Security Concerns - Logstash echoes credentials to stdout

jameslamb · March 19, 2018, 2:44am

Hello,

I was going to open an issue on GitHub, but the issue template directed me here.

I'm very new to Logstash, but noticed something concerning tonight and wanted to ask if the community is aware of this. On failed attempts to hit S3, Logstash is echoing my AWS credentials to the output stream.

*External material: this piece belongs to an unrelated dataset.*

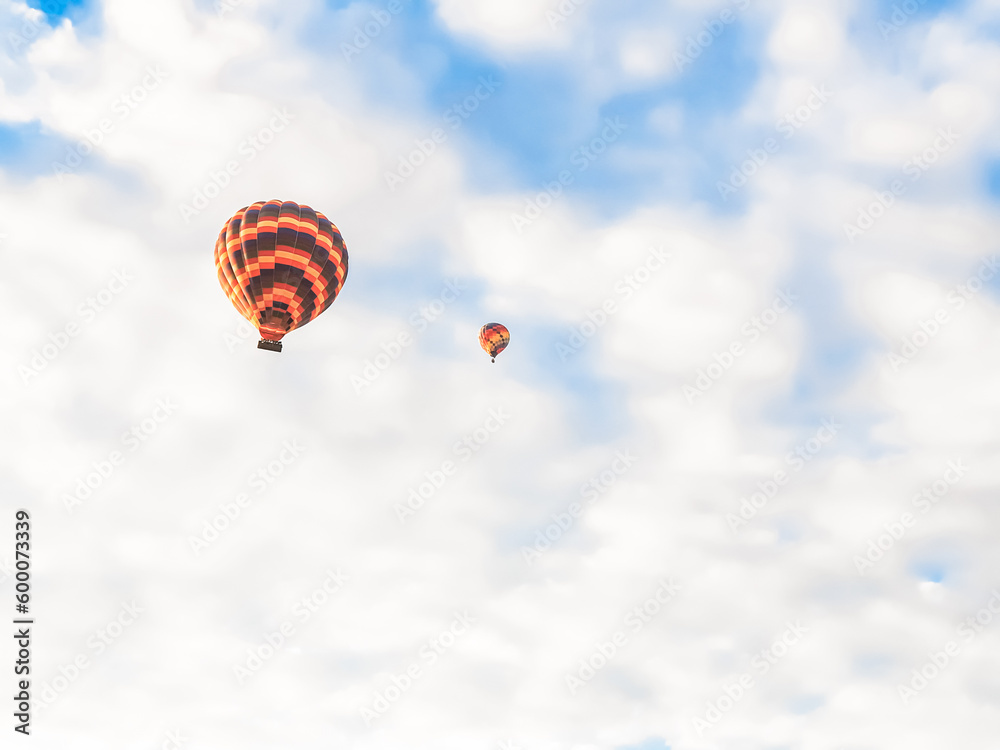 Fototapeta premium Flying in sky many bright colored beautiful balloons into air in Cappadocia in mountains early at sunrise, dawn. Filling balloon with hot air from burner, big basket. Tourists excursion, cloud flight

I am running a simple pipeline to import data from AWS S3 and move it into an Elasticsearch cluster. I have an input block similar to this:

input {
    s3 {
        access_key_id => "${S3_KEY}"
        secret_access_key => "${S3_SECRET}"
        region => "us-east-1"
        bucket => "${BUCKET_NAME}"
        interval => 2
        codec => "json"
      }
}

I am using environment variables to configure this pipeline. While running, I hit an error because some of the files in that bucket have different security settings than I'd expected. This error is 100% my fault and not a bug I am reporting, but I was surprised to see a message like this in the Logstash output:

[2018-03-18T21:14:04,592][ERROR][logstash.pipeline        ] A plugin had an unrecoverable error. Will restart this plugin.
  Pipeline_id:main
  Plugin: <LogStash::Inputs::S3 access_key_id=>"MY_ACCESS_KEY", secret_access_key=>"MY_SECRET_KEY", region=>"us-east-1", bucket=>"BUCKET_NAME", interval=>2, codec=><LogStash::Codecs::JSON id=>"json_31c4beff-0d8c-4cbe-b7b6-efb3aaa2b927", enable_metric=>true, charset=>"UTF-8">, id=>"c763ef7921e0bae8eb2e63f686735aa3846e7d644f317ee589d7123646c3e831", enable_metric=>true, delete=>false, temporary_directory=>"/var/folders/ww/6m7gkcds5sn_5b3bgl6_d3xcpm028j/T/logstash">
  Error: Access Denied
  Exception: Aws::S3::Errors::AccessDenied

In the output above, I've manually added the literal text MY_ACCESS_KEY, MY_SECRET_KEY, and BUCKET_NAME so I am not disclosing too much in this post. However...my keys were printed in the actual output!

Printing literal credentials to stdout is a security risk. Can someone explain to me why the pipeline is evaluated before being printed (instead of printing the literal text in the Logstash config)? I tried looking through the code but couldn't quite understand how the string interpolation there is working.

Thanks very much!

-James

jakelandis · March 23, 2018, 2:16pm

@jameslamb- this has been fixed and is included as the default for Logstash as of 6.2.3.

The plugins have the ability to update independently of the Logstash version, and if you can't upgrade Logstash to the latest version, you can update just the plugin:

bin/logstash-plugin update logstash-input-s3

(note the fix also applies to any aws based plugins)

Thank you for reporting this, however for future security related issues please refer to https://www.elastic.co/community/security

jameslamb · March 23, 2018, 7:28pm

Thanks @jakelandis! Can you point me to the PR where it was implemented? I'm just curious to see how it was handled.

You should also consider putting that special security information in the re-direct text that pops up when people try to open issues on GitHub. I only came here following the advice on https://github.com/elastic/logstash/issues/new

jakelandis · March 23, 2018, 7:42pm

@jameslamb - https://github.com/logstash-plugins/logstash-mixin-aws/commit/d42c7597b7b6bc192d55a7a787180112a42535cd

The mixin-aws is used across all of the aws based plugins.

jakelandis · March 23, 2018, 7:56pm

Thanks for the suggestion for the security information. This has also been updated: https://github.com/elastic/logstash/issues/new

system · April 20, 2018, 7:56pm

This topic was automatically closed 28 days after the last reply. New replies are no longer allowed.